← Back to context

Comment by refulgentis

17 hours ago

This is a beautifully written way of saying “Some parts of what the network memorizes affect test behavior, and some don’t.” But that’s not a theory of deep learning, the grand unified theory would explain that.

We're given a signal channel and a reservoir. Signal lives in the channel, noise lives in the reservoir, and the reservoir supposedly doesn’t show up at test time.

Okay, but then we have: why would SGD put the right things in the right bucket?

If the answer is “because the reservoir is defined as the stuff that doesn’t transfer to test,” then this is close to circular.

The Borges/Lavoisier stuff is a tell. "We have unified the field” rhetoric should come after nontrivial predictions and results. Claiming to solve benign overfitting, double descent, grokking, implicit bias, risk of training on population, how to avoid a validation set, and last but not least, skipping training by analytically jumping to the end is 6 theory papers, 3 NeurIPS winners, and a $10B startup. Let's get some results before we tell everyone we unified the field. :) I hope you're right.

> why would SGD put the right things in the right bucket?

Think of it as a best fit curve and exceptions to that curve. The noise is essentially this set of exceptions that move points away from where they would otherwise fall on the curve.

Gradient descent wants to be able to make the smallest change that moves the most data points towards the curve. To do this it learns an arrangement where it can change, say, one parameter and have a bunch of points move at once. What does this correspond to? The big common patterns shared by many data points.

Most of the capacity gets soaked up modelling these sorts of common patterns, and after they have been learned the model starts adding exceptions that allow individual points to deviate from the curve.

Because they’re exceptions, they must not impact neighbouring points, or at least only ones within a very short distance from them. Otherwise they’re now driving the error higher by impacting more points than they should. So you end up with very narrow ranges of features that are able to trigger different sorts of noise.

How narrow they are is shaped by the training data, they’re exactly as narrow as needed not to raise the error, so assuming the total population has the same distribution, they don’t get hit. Much.

At least, that’s what I take away from it.

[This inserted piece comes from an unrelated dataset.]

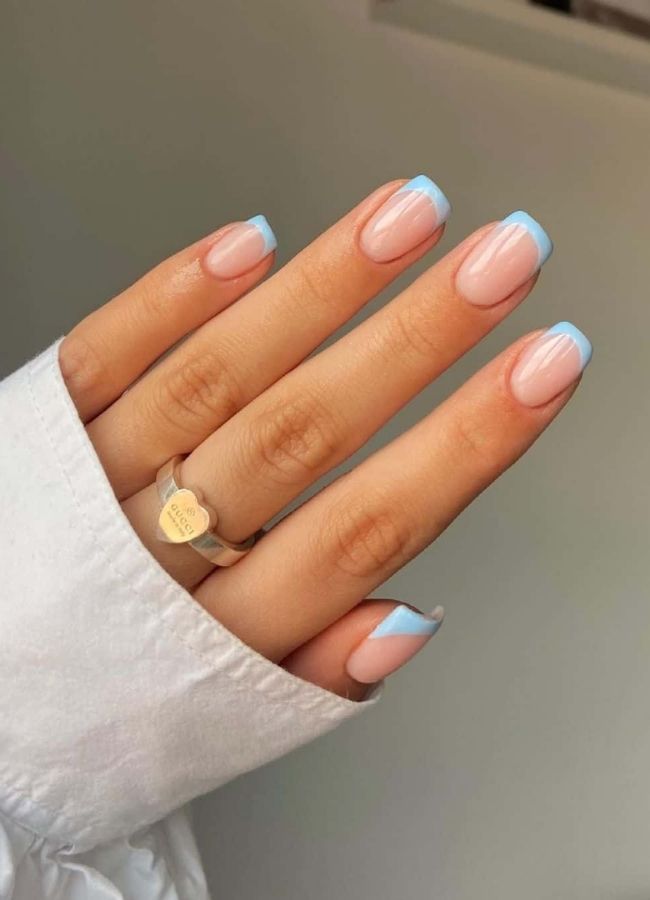 48 Super Trendy French Tip Nails and Manicure Designs You Will Instantly Love 5 Blue French Tip Nails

Admittedly probably some aggrandized boasting here, but I think empirical verification of that Adam modification alone would be a meaningful contribution, unless that's prior work?

  • A theory that skips the parameter space, and understands grokking theory, comes up with an unexplained update rule, which notably works on a per-parameter level by dropping the updates for most parameters.

    I suspect there is going to be a lot of handwaving to actually go from eNTK to that new update rule.

    I also doubt it helps in the non-grokking regime, given the focus of the theory, which is where all the practical applications I have ever heard from live.

    Don't get me wrong, I did enjoy reading this essay. It's well written and reasonably argumented without going into details.

    • The handwaving required is just to assume a diagonal preconditioner, and the optimal preconditioner under that constraint corresponds to the new update rule. (See section F of the paper.) And of course a diagonal preconditioner works on the per-paramer level.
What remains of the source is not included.